Paul Dawson, PJ DeBoy et vous êtes des amis proches depuis 10 ans.
Je les ai connus à New York alors qu'ils étaient dans des relations séparés. Pas très longtemps avant les auditions, ils se sont mis ensemble. Et je me suis dit : « hum… intéressant… », parce que je les connaissais et je savais qu'ils étaient de bons acteurs. Je pensais que cela pouvait être très bien pour le film. Mais ils ont quand même fait les auditions, parce que c'était important pour moi de voir tout le monde. De voir ce qu'on avait.

Comment fonctionnait le « workshop » ? Tous les jours ? Toutes les semaines ?
C'était un peu chaotique pendant deux ans et demi. Le premier a duré cinq semaines, tous les jours, avec peut-être un jour de congé. On a fait des improvisations, du sport et regarder des films. Tous ensemble. Manger, boire et faire la fête. Ensuite, j'ai travaillé sur le scénario et on s'est retrouvé cinq ou six mois plus tard. Mais ce n'était jamais ensemble, puisqu'ils ne pouvaient pas venir tous au même moment. C'est devenu très irrégulier après ça.

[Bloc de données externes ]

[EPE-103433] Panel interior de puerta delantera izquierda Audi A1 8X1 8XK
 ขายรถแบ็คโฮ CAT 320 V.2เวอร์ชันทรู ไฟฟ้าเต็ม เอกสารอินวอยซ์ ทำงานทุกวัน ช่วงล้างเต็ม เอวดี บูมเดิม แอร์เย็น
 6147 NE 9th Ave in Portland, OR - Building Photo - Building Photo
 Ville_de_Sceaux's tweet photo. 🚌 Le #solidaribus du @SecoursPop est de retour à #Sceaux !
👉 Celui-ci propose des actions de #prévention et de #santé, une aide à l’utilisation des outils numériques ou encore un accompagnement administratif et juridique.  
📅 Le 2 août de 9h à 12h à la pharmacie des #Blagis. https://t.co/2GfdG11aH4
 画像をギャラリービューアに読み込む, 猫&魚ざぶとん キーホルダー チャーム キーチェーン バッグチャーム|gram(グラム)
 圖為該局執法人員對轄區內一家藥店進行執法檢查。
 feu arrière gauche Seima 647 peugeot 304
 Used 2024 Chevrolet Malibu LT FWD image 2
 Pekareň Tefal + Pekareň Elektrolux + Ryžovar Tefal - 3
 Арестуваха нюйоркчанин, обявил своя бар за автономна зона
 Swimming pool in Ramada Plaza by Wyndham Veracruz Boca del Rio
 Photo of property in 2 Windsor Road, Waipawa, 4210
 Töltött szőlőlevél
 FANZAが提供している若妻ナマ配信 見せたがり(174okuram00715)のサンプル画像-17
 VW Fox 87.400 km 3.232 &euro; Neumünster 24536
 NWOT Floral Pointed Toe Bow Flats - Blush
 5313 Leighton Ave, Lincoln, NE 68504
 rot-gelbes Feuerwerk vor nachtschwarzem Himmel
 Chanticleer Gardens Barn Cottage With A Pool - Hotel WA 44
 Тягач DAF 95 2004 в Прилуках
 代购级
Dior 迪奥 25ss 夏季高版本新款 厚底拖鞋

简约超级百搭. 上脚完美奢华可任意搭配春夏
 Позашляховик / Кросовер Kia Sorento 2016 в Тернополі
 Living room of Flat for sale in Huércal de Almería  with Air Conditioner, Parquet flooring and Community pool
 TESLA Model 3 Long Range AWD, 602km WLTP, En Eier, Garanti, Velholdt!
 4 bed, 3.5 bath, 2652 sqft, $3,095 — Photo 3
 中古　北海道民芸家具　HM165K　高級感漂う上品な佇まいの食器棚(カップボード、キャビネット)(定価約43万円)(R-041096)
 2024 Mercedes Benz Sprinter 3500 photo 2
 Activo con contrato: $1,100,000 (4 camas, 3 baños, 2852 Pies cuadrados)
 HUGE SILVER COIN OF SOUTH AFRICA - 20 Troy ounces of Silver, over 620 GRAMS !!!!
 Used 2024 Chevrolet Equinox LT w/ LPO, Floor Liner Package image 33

La première fois que j'ai entendu parler du « workshop », dans mon esprit c'était toute l'équipe, tout le temps, jour et nuit.
Seulement la première fois. Et puis ce n'était jamais nuit et jour. On rentrait tous chez nous pour dormir.


Et c'était vous, les acteurs et une caméra à la main ?
Il y avait bien quelqu'un avec une caméra, à peu près tous les jours. Par contre, on n'a pas fait beaucoup de photos de tournage. Pendant les répétitions des scènes sexuelles, on coupait tout, parce que ça rendait les gens nerveux.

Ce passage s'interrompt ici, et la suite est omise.